Whoops. Freudian slip, maybe?

6pairsofshoes:
Thanks for all the suggestions.  I'm on a tear to finish the Expanse series and with the travel I've been doing lately, that shouldn't take long.  I go through a book every couple of days. 
--- Quote from: smokester on October 09, 2023, 10:50:08 AM ---Hardly what one might call "reading a book" ..., but I treated myself to Lemn Sissay's Let The Love Pour In when it came out.

Must have thumbed through it at least a dozen times so far.

--- End quote ---

That sounds like a great title for a '70's R&B song.

I'll dig around and see what Julian May I can come up with.  slsk is a great resource for that.

6pairsofshoes:
Was it my imagination or was The Many-Colored Land recommended?  This guy is prolific so I'm kind of overwhelmed by the selection.

Some posts disappear and I've been too distracted to remember to quote stuff for safekeeping.

goldshirt*9:
A. J. Smit did a 4 part series called the Black Guard. A tad fantasy but when I read it I thought it wasn't a run of the mill series 🤷‍♂️

6pairsofshoes:
Without internet, I read a lot.  Here's recent musings on books I've finished in the past couple of weeks.

Jas. McBride, Deacon King Kong.  Amusing, although not like the author has lightning bolts coming out of his head or anything.  A sweet little book.

George Elliot, Middlemarch.  Am I getting old or was this a lot longer than necessary?  I prefer Trollope.  Someone said, "you gotta read this, it's by a woman."  So I did.  I still don't get what all the fuss is about.  At least now I can avoid reading anything else by her.  Jane Austen is much better and more succinct among the writers in this genre.

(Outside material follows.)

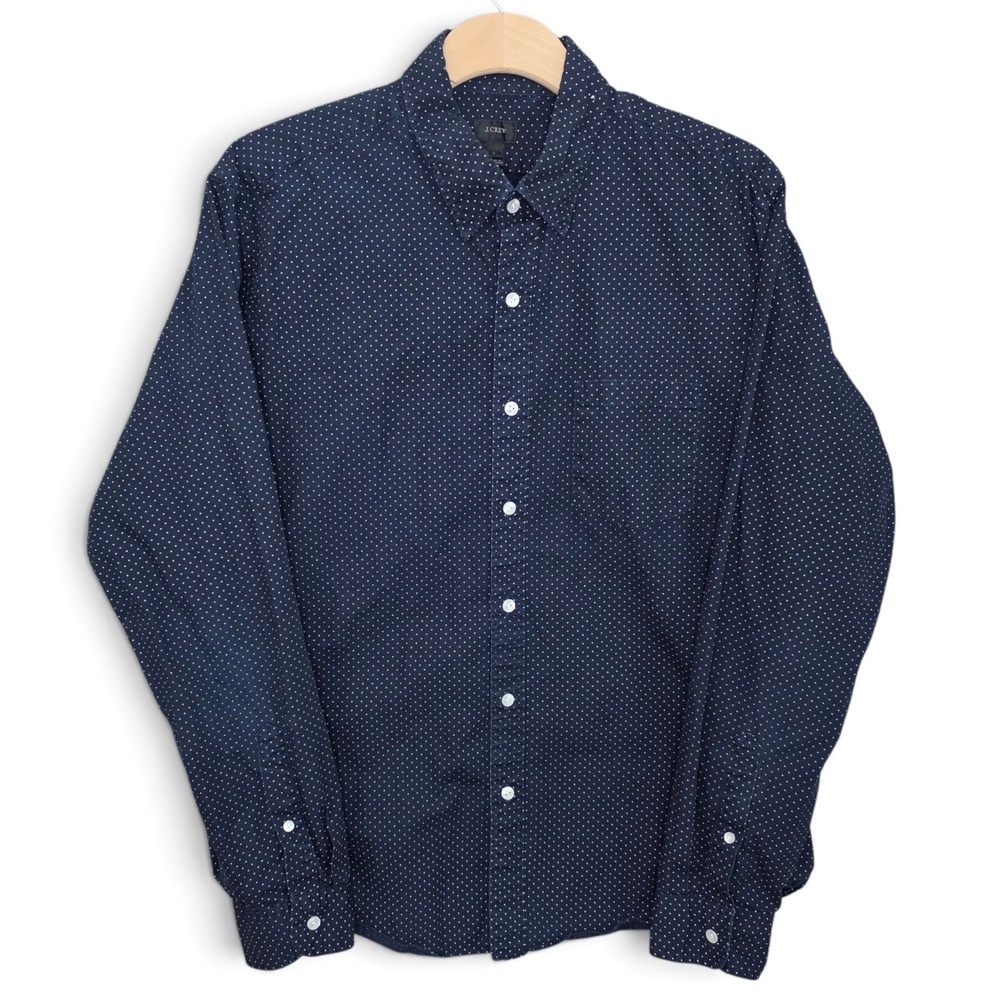 J Crew Shirt Mens Large Navy Blue Polka Dot Long Sleeve Button Down Collar Pocke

VS Naipaul, A House for Mr. Biswas.  This is a well written book, about a guy who is basically self centered and unlikeable.  I feel sorry for his wife and kids.  Mostly a flashback biography after he dies.  In that, I'm reminded of Joaquim Maria Machado de Assis' Posthumous Memoirs of Bras Cubas, except that the latter is in the first person while Mr. B is told from a 3rd person perspective.  I'm nearly done with it and like it better than the Elliot.